It turns out that a majority of Americans surveyed in a recent J.D. Power & Associates study are very enthusiastic about hybrid technology...until they find out that they have to pay for it. Continuing a long history of having cake and eating it too, 72% of consumers said they were interested in hybrid technology independent of cost. When a $5,000 cost was included in the equation, the number of respondents who were interested dropped to 46%. When consumers discovered that hybrids weren't available at Wal-Mart, interest plummeted into the single digits.

Not surprisingly, technologies not readily available in the U.S. didn't fare well on the study. For example, clean diesel engines barely registered a blip, in large part because they're just entering the market. Said Mike Marshall, director of the study: "The mere fact that they'll be in the marketplace is going to raise the awareness level of clean diesel, and I think that will begin to crack some of these wrong perceptions of what diesel is today."

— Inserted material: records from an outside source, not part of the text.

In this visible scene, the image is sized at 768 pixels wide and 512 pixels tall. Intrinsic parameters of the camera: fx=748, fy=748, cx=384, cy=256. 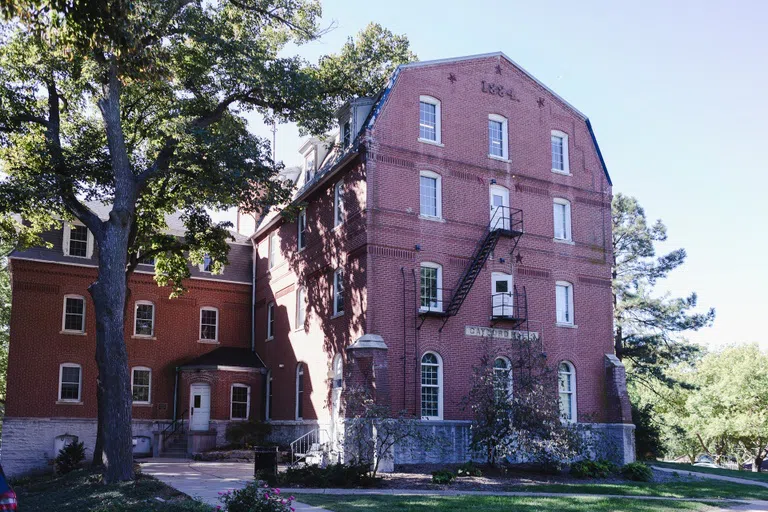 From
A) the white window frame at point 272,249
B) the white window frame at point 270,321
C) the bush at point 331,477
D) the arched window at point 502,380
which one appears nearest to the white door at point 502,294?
the arched window at point 502,380

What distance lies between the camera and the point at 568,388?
2647 centimetres

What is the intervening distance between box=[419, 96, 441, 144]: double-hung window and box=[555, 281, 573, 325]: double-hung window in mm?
6992

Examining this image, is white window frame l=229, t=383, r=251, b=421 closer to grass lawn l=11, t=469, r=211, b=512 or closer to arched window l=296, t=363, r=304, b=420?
arched window l=296, t=363, r=304, b=420

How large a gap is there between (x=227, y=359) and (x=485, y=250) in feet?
44.5

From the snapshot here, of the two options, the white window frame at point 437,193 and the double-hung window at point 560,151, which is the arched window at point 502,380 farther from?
the double-hung window at point 560,151

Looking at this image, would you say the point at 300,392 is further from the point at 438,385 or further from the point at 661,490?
the point at 661,490

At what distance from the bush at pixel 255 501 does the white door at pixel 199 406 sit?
21015 millimetres

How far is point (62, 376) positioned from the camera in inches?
1215

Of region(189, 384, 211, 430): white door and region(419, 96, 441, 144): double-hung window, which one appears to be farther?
region(189, 384, 211, 430): white door

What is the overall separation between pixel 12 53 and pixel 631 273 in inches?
1104

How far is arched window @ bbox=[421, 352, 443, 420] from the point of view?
23375 millimetres

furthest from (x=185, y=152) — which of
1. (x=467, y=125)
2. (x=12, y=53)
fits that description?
(x=467, y=125)

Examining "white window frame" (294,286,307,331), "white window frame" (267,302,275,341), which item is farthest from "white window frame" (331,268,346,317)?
"white window frame" (267,302,275,341)

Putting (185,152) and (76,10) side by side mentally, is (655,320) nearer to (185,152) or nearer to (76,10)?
(185,152) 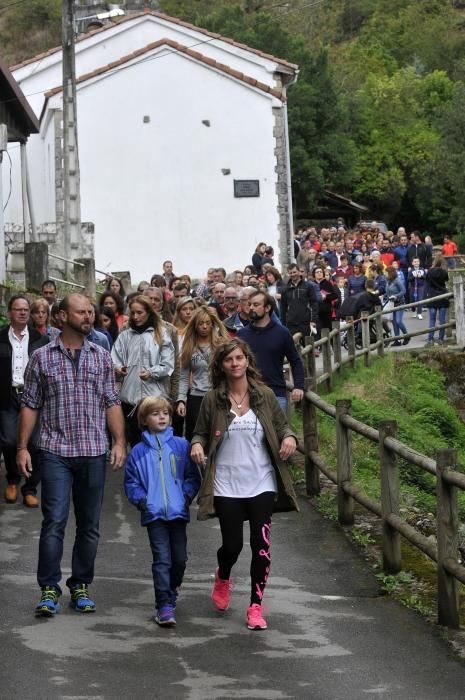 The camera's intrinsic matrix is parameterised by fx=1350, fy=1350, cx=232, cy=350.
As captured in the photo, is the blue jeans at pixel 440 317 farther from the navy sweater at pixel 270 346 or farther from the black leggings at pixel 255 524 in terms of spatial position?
the black leggings at pixel 255 524

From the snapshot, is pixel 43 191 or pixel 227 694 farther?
pixel 43 191

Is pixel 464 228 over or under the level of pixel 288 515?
over

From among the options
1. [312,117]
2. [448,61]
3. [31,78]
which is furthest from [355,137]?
[31,78]

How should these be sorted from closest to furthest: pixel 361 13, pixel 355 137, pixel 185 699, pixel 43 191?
1. pixel 185 699
2. pixel 43 191
3. pixel 355 137
4. pixel 361 13

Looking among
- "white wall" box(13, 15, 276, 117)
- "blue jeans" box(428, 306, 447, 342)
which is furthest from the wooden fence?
"white wall" box(13, 15, 276, 117)

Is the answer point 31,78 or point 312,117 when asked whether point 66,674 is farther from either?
point 312,117

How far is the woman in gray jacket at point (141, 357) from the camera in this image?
11.1 meters

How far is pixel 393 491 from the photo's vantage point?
911cm

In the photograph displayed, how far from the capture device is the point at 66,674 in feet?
22.3

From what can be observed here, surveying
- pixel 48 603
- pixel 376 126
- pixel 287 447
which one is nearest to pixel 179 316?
pixel 287 447

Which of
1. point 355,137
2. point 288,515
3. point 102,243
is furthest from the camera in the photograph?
point 355,137

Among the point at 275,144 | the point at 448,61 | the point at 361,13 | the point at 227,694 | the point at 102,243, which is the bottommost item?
the point at 227,694

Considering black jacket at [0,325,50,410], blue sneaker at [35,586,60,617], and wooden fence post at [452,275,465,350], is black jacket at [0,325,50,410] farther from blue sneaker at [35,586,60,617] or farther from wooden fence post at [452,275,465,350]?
wooden fence post at [452,275,465,350]

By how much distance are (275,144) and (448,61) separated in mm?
63111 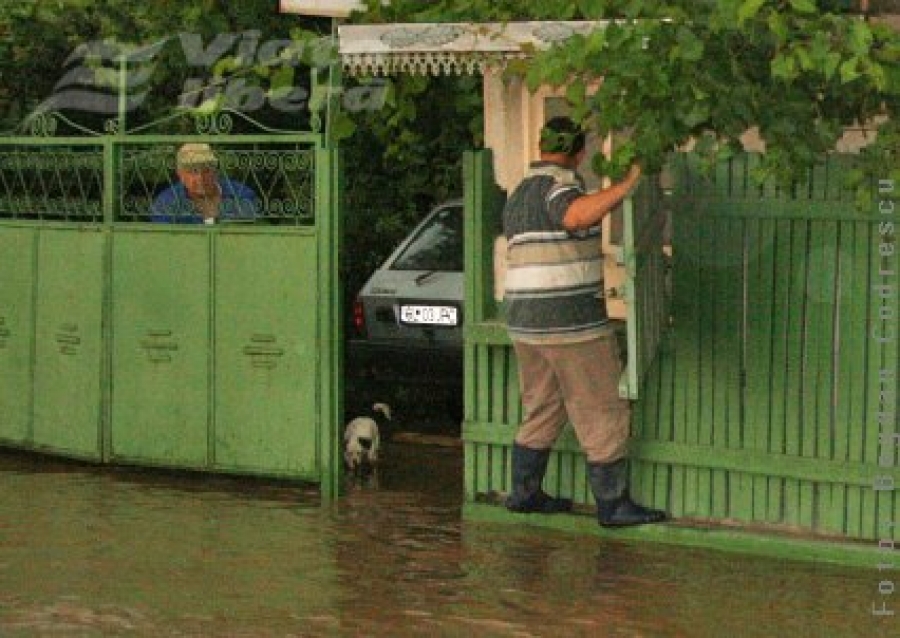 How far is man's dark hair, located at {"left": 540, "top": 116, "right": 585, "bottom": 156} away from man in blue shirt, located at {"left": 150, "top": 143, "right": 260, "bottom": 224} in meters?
2.68

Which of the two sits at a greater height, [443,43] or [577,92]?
[443,43]

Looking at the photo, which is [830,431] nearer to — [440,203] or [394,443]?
[394,443]

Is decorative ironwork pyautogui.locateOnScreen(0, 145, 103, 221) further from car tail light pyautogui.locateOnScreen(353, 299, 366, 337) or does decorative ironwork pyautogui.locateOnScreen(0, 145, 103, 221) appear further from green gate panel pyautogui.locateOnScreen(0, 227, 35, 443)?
car tail light pyautogui.locateOnScreen(353, 299, 366, 337)

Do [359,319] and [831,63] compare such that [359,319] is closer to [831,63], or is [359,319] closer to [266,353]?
[266,353]

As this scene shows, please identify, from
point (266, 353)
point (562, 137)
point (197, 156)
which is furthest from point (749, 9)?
point (197, 156)

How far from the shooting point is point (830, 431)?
11.0 metres

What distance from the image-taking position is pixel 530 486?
11.8 m

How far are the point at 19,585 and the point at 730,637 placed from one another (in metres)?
3.16

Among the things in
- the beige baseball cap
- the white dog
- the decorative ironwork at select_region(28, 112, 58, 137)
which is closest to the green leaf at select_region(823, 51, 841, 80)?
the beige baseball cap

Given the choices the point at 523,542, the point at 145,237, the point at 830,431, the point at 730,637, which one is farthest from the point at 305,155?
the point at 730,637

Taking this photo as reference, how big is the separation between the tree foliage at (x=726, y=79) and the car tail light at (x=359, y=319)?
572 cm

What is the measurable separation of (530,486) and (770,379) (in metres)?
1.36

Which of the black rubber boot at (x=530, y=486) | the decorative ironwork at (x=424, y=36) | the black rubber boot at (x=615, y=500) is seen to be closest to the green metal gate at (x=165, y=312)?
the decorative ironwork at (x=424, y=36)

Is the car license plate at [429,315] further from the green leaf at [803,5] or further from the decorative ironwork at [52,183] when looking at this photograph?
the green leaf at [803,5] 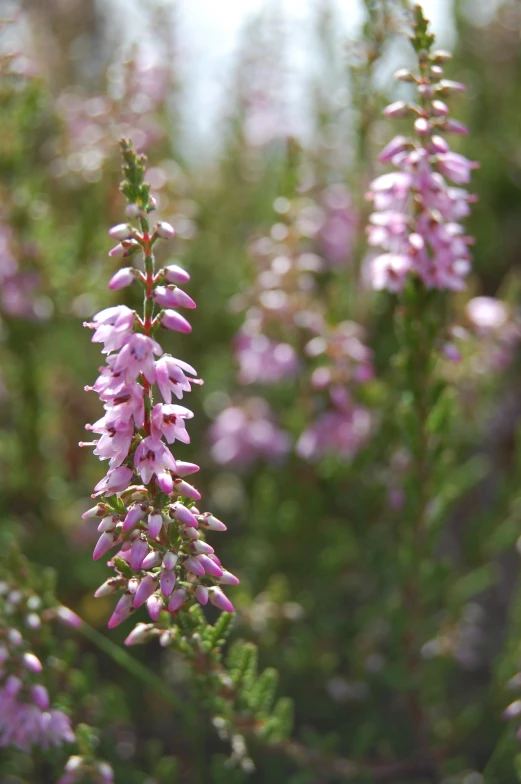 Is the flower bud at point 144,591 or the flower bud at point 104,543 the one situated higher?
the flower bud at point 104,543

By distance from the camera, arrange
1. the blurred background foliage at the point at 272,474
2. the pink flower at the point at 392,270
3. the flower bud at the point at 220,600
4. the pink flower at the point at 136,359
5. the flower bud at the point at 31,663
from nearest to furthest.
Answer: the pink flower at the point at 136,359 < the flower bud at the point at 220,600 < the flower bud at the point at 31,663 < the pink flower at the point at 392,270 < the blurred background foliage at the point at 272,474

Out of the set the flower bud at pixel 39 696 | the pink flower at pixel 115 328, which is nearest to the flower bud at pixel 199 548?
the pink flower at pixel 115 328

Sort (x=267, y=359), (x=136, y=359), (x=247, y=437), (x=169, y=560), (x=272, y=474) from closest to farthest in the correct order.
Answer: (x=136, y=359)
(x=169, y=560)
(x=267, y=359)
(x=247, y=437)
(x=272, y=474)

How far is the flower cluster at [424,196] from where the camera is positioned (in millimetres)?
1875

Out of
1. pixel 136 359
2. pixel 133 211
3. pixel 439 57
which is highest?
pixel 439 57

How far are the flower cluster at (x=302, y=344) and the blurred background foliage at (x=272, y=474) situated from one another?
2.3 inches

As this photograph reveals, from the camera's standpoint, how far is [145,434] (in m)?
1.43

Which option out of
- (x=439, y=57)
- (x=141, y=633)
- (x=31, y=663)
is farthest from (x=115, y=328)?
(x=439, y=57)

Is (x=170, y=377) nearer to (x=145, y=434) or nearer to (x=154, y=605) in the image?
(x=145, y=434)

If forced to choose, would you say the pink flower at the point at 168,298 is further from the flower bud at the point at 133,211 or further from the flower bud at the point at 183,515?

While clean diesel is already chosen by a majority of European buyers, it remains to be seen whether economies of scale allow it to be implemented in the States at a lower price premium than that found on hybrids; new offerings from VW, Mercedes, and even Honda in the next 12 months should provide some insight into diesel pricing strategy. Additionally, as hybrid sales numbers rise, the same economies of scale should allow prices to fall. But, for either to happen, first some folks have to pony up the premium. Chicken, meet egg.